Au total, on évalue le nombre de victimes allemandes (décédées ou blessées) en Normandie à plus de 200 000. Les Alliés, quant à eux, dénombrent 209 000 victimes sur les 2 millions de soldats débarqués en France depuis le jour J. De ce nombre, 18 700 victimes sont Canadiennes, dont plus de 5 000 sont tombés au combat.

Dans les décennies qui suivent la Deuxième Guerre mondiale, les historiens canadiens considèrent la longue et torturée campagne de Normandie comme un succès mitigé. Les armées canadiennes et britanniques sont accusées d’être mal entraînées, peu agressives au combat et mal dirigées. C. P. Stacey, l’historien de guerre officiel du Canada, prétend que les Forces mieux entraînées et endurcies de l’Allemagne ont succombé non pas à l’infanterie ou aux unités blindées, mais aux Forces aériennes alliées et à leur « supériorité numérique et matérielle. »

Plus récemment, cette idée reçue a été remise en question par l’historien Terry Copp, un des experts canadiens sur la bataille de Normandie. Dans Fields of Fire : The Canadians in Normandy, son livre paru en 2003, il affirme que les Canadiens et autres alliés faisaient face non seulement à un ennemi formidable avec des armes et des chars supérieurs, mais se retrouvaient aussi dès le jour J devant des objectifs et des territoires à capturer d’une exceptionnelle difficulté. Il ajoute que, tout au long dans la campagne, les avions alliés tant vantés n’ont pas infligé autant de dommages sur les positions ennemies qu’on aimerait le croire.

« Nous nous sommes trompés.
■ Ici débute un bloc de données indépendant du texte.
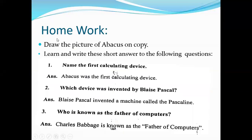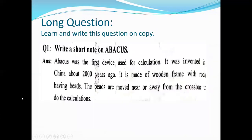This is your homework. Draw the picture of Abacus on your copy. Learn and write short answers to the following questions — question number one, two and three. The second is a long question: write a short note on Abacus, as we have studied. Read it again carefully.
Nous ne sommes pas tous des héros, affirme Terry Copp. Mais, somme toute, ce que nous avons accompli est absolument énorme. »
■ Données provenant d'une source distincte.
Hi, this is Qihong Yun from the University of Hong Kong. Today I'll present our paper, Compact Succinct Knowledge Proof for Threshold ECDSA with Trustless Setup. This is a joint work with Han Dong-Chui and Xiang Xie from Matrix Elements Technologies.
Les sacrifices du Canada en Normandie sont commémorés par plus d’une douzaine de monuments, cénotaphes et cimetières de guerre un peu partout dans la région, sans compter les plus importants cimetières de guerre canadiens à Bény-sur-Mer et Bretteville-sur-Laize. Le Centre Juno Beach, un musée privé à Courseulles-sur-Mer, rappelle aussi le rôle-clé du Canada en Normandie.